Early life and education
Ali Gohar was born in the village of "Kaala", district Swabi in Khyber Pakhtunkhwa, Pakistan. Ali Gohar has an MSc degree in international relations from Quaid-i-Azam University, Islamabad, Pakistan. He also holds a M.A. in conflict transformation from Eastern Mennonite University’s Center for Justice and Peacebuilding, in Harrisonburg, Virginia.

Career
For 13 years (until early 2001) Gohar worked as the Additional Commissioner Social Welfare Cell for Afghan refugees (a project of UNHCR) in northern Pakistan. His work covered 258 Afghan refugee camps with programs in HIV/AIDS awareness, peacebuilding, and community development. In 2001 Gohar was awarded a Fulbright scholarship to Eastern Mennonite University’s Center for Justice and Peacebuilding to complete his Master’s Degree. While at CJP Gohar worked closely with Restorative Justice pioneer Howard Zehr. They would later collaborate on a revision of The Little Book of Restorative Justice specifically targeted at the Pakistan-Afghanistan context.
Shortly after returning to Pakistan in 2003 Gohar founded Just Peace International (now Just Peace Initiatives), a non-profit aimed at working for peace and justice through conflict transformation practices. As part of this work he received a United States Institute of Peace (USIP) grant to explore the principles of Jirga as peacebuilding.
In 2006, Gohar began working as a campaign officer with Oxfam Great Britain to end honor killings and address violence against women in the Khyber Pakhtunkhwa (formerly known as the North-West Frontier Province) of Pakistan. In December of that year he left Oxfam to return to Just Peace Initiatives as executive director.

Notable work
In addition to his book Gohar has published a number of works on Restorative Justice practices and the Jirga practices. 
In June 2002 Gohar led a workshop in Peshawar, Pakistan titled, “Conflict transformation and peace building in Pakistan and Afghanistan in a 2002 world” highlighting efforts at community peace building and restorative justice.

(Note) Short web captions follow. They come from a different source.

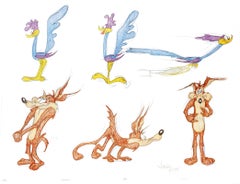 6 ORIGINAL DRAWINGS OF THE ROAD RUNNER & WILE E. COYOTE - Signed By Virgil Ross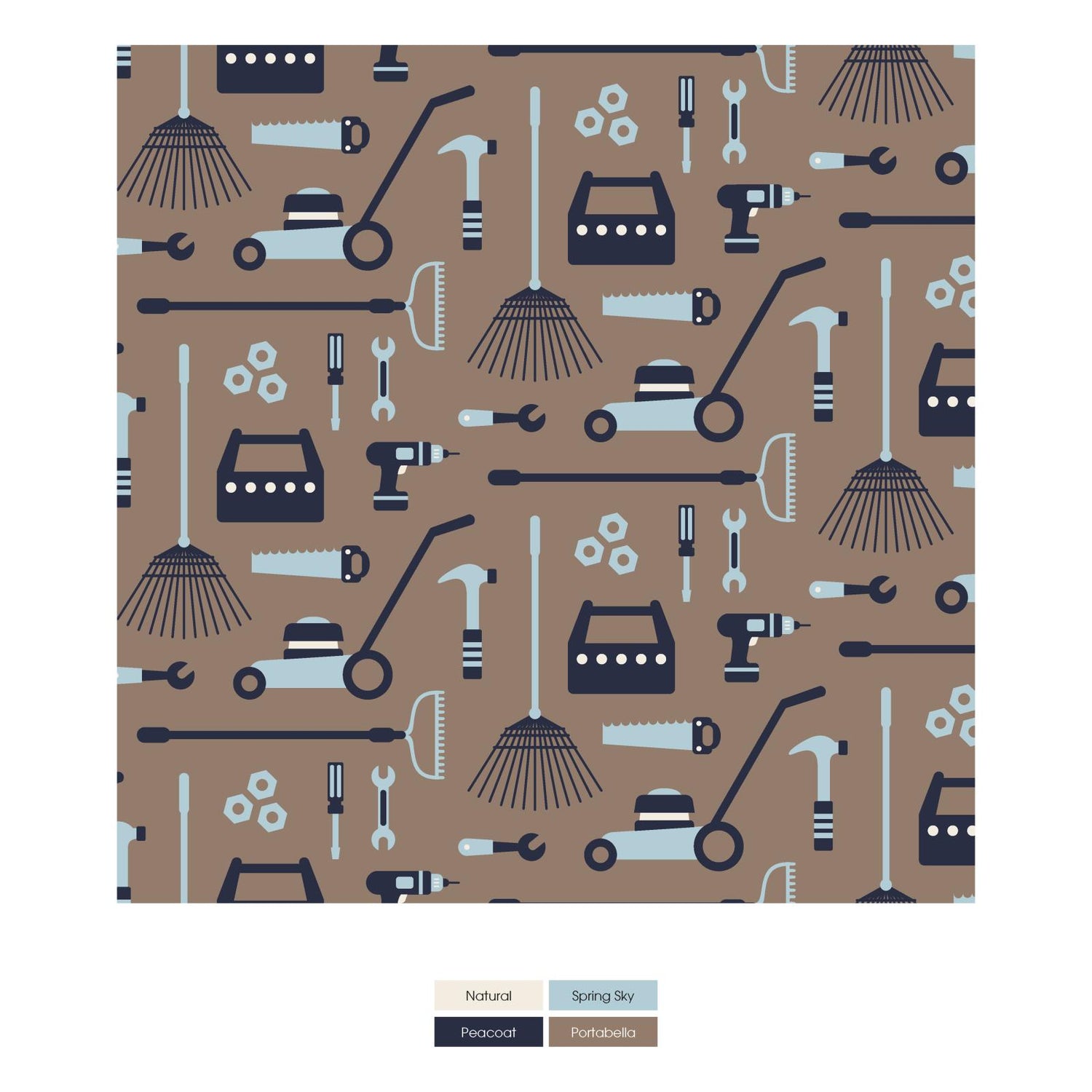 Print Quilted Stroller Blanket in Pesto Football/Portabella Fall Tools (334080)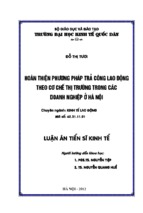 Báo cáo hoàn thiện phương pháp trả công lao động theo cơ chế thị trường trong các doanh nghiệp ở hà nội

In 2007, as part of his work with JPI he produced a 13 episode TV program for Pakistani TV on violent conflict titled, “Why it’s happened”. As part of this program he interviewed police, religious experts, jirga practitioners, and psychologists in order to understand the root causes of ethnic, tribal, and political conflicts.

Gohar has written several TV scripts for nationally broadcast programs aimed at combating drug use, preventing AIDS, reducing domestic violence, and honor killings.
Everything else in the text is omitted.